The statement text that the ordinary kind of CTE names has the same syntax as the corresponding SQL statement that you issue at top level. However, a recursive CTE may be used only in a WITH
clause.
A CTE can, for example, be used to provide values for, say, an INSERT
like this:
set client_min_messages = warning;
drop table if exists t1 cascade;
create table t1(k int primary key, v int not null);
with a(k, v) as (
select g.v, g.v*2 from generate_series(11, 20) as g(v)
)
insert into t1
select k, v from a;
select k, v from t1 order by k;
This component is an example of a CTE:
a(k, v) as (select g.v, g.v*2 from generate_series(11, 20) as g(v))
Notice the (optional) parenthesised parameter list that follows the name, just as in the definition of a schema-level VIEW
.
This is the result:
k | v
----+----
11 | 22
12 | 24
13 | 26
14 | 28
15 | 30
16 | 32
17 | 34
18 | 36
19 | 38
20 | 40
When a data-changing [sub]statement (INSERT
, UPDATE
, or DELETE
) is named in a CTE, and, when it uses a RETURNING
clause, the returned values can be used in other CTEs and in the overall statement's final [sub]statement. Here is an example.
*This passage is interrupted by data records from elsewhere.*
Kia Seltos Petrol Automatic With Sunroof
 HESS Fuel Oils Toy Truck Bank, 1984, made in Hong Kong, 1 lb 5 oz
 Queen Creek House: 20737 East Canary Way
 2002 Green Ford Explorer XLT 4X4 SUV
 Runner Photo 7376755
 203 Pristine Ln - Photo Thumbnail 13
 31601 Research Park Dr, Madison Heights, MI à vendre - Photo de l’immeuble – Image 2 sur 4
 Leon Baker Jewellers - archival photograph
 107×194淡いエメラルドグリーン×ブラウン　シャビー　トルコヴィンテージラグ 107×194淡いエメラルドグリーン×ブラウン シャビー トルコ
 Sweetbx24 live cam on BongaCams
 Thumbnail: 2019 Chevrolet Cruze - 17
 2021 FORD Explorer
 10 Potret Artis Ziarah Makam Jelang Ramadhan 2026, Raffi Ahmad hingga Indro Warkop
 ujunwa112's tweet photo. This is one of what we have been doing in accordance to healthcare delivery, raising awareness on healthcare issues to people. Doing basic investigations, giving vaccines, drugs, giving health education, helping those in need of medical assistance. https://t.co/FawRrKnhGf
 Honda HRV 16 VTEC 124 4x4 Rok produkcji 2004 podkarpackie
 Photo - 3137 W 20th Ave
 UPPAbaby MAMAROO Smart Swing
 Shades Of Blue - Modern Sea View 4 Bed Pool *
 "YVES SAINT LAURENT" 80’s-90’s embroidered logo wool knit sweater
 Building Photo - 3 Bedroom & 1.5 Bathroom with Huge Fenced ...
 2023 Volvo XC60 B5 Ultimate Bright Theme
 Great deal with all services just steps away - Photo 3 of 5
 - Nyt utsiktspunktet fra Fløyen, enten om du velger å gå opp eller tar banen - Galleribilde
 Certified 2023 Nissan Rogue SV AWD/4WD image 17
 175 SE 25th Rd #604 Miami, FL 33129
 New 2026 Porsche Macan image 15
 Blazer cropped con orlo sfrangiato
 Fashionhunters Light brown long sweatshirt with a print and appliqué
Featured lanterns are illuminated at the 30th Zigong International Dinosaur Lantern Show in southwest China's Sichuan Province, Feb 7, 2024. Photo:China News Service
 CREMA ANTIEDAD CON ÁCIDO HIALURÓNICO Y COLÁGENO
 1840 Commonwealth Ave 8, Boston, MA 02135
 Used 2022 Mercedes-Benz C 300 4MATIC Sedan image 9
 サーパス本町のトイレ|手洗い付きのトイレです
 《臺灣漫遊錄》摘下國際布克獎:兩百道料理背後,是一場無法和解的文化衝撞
set client_min_messages = warning;
drop table if exists t2 cascade;
create table t2(k int primary key, v int not null);
with moved_rows(k, v) as (
delete from t1
where k > 15
returning k, v)
insert into t2(k, v)
select k, v from moved_rows;
(
select 't1' as table_name, k, v from t1
union all
select 't2' as table_name, k, v from t2
)
order by table_name, k;
This is the result:
table_name | k | v
------------+----+----
t1 | 11 | 22
t1 | 12 | 24
t1 | 13 | 26
t1 | 14 | 28
t1 | 15 | 30
t2 | 16 | 32
t2 | 17 | 34
t2 | 18 | 36
t2 | 19 | 38
t2 | 20 | 40
The central notion is that each CTE that you name in a WITH
clause can then be invoked by its name, either in a subsequent CTE in that WITH
clause or in the overall statement's final, main, [sub]statement. In this way, a CTE is analogous, in the declarative programming domain of SQL, to a procedure or a function in the domain of an "if-then-else" programming language, bringing the modular programming benefit of hiding names, and the implementations that they stand for, from scopes that have no interest in them.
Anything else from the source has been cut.